Baldessari’s word paintings of the late 1960s and early 1970s are a case in point. Many were hand-lettered onto stretched canvas by sign painters that Baldessari had hired to render statements that that he had not even written but had only read. These are often statements that naively set out define the most elusive of questions that confront artists. And they are rendered in the clearest most direct lettering possible, the lettering found on a sign, the most earnest typography that directs and informs in the most straightforward manner possible. We cannot help but trust what these sign paintings tell us, even when Baldessari’s word paintings offer audaciously innocent solutions to the complex theory-soaked issues that define modernism.
Works of art such as What is Painting, 1966-68, Everything is purged from this painting but art, no ideas have entered this work, 1966-68 and Composing on a Canvas, 1966-68 are brilliantly ambitious. They layer the false objectivity of didactic grammar and clear careful hand lettering over impossibly trite yet seductive solutions at the very core of art’s definition.
For example, What is Painting tries to define what painting is and does so in only three short sentences. But these sentences are written on a canvas and so inherit a fraught five hundred year history of art making. What makes these issues all the more pleasantly absurd is that Baldessari is at least as well known for his long career as a teacher as he is as an artist. So when he offers paintings with statements such as, “Everything is purged from this painting but art, no ideas have entered this work,” the allegedly instructive nature is given more weight and is ultimately more absurd.
Nova Scotia College of Art and Design
Soon after the Cremation Project, Baldessari was asked by the Nova Scotia College of Art and Design to exhibit his work there. Instead of sending art, Baldessari sent instructions to the school in the form of a letter for the initial iteration of I Will Not Make Any More Boring Art, a work based on a sentence Baldessari had written to himself in a notebook he then kept. The letter reads in part,
…I have no idea what your gallery looks like of course, and I know that you do not have much money for shows so that conditions my ideas of course….I’ve got a punishment piece. It will require a surrogate or surrogates since I cannot be there to… impose punishment. But that’s ok, since the theory is that punishment should be instructive for others. And there is a precedent for it, Christ being punished for our sins, and many others. So some student scapegoats are necessary. If you can’t induce anybody to be sacrificial and take my sins upon their shoulders, then use whatever funds there are, fifty dollars, to pay someone as a mercenary.
The piece is this, from floor to ceiling should be written by one or more people, one sentence under another, the following statement: I will not make any more bad art.
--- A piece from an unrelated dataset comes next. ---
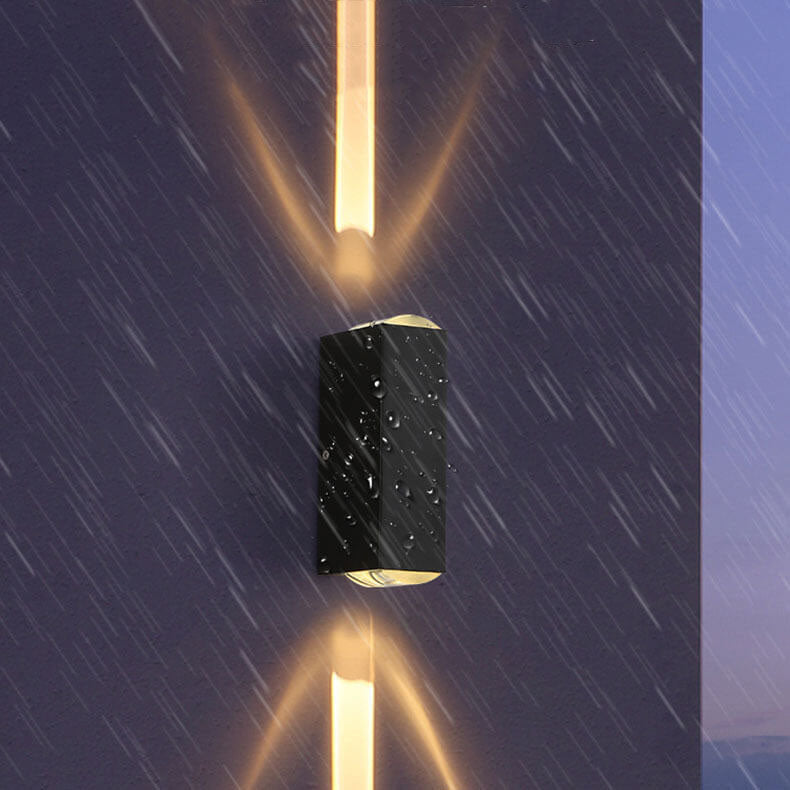 Modern Waterproof LED Outdoor Wall Light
At least one column of the sentence should be done floor to ceiling before the exhibit opens and the writing of the sentence should continue everyday, if possible, for the length of the exhibit. I would appreciate it if you could tell me how many times the sentence has been written after the exhibit closes. It should be hand written, clearly written with correct spelling….**
By the end of the exhibit the walls were covered with Baldessari’s statement of sacrificial punishment and he allowed the school to create a lithograph of the work for their fundraising based on his own handwriting.
Baldessari has called himself “purely a strategist” and in I Will Not Make Any More Boring Art he references the fundamental modernist tension between the word and image that Magritte had exposed in The Treachery of Images and the cool, spare, self-referential repetitions of the minimalists. John Baldessari has spent his career coaxing beauty and complexity from our prosaic visual culture.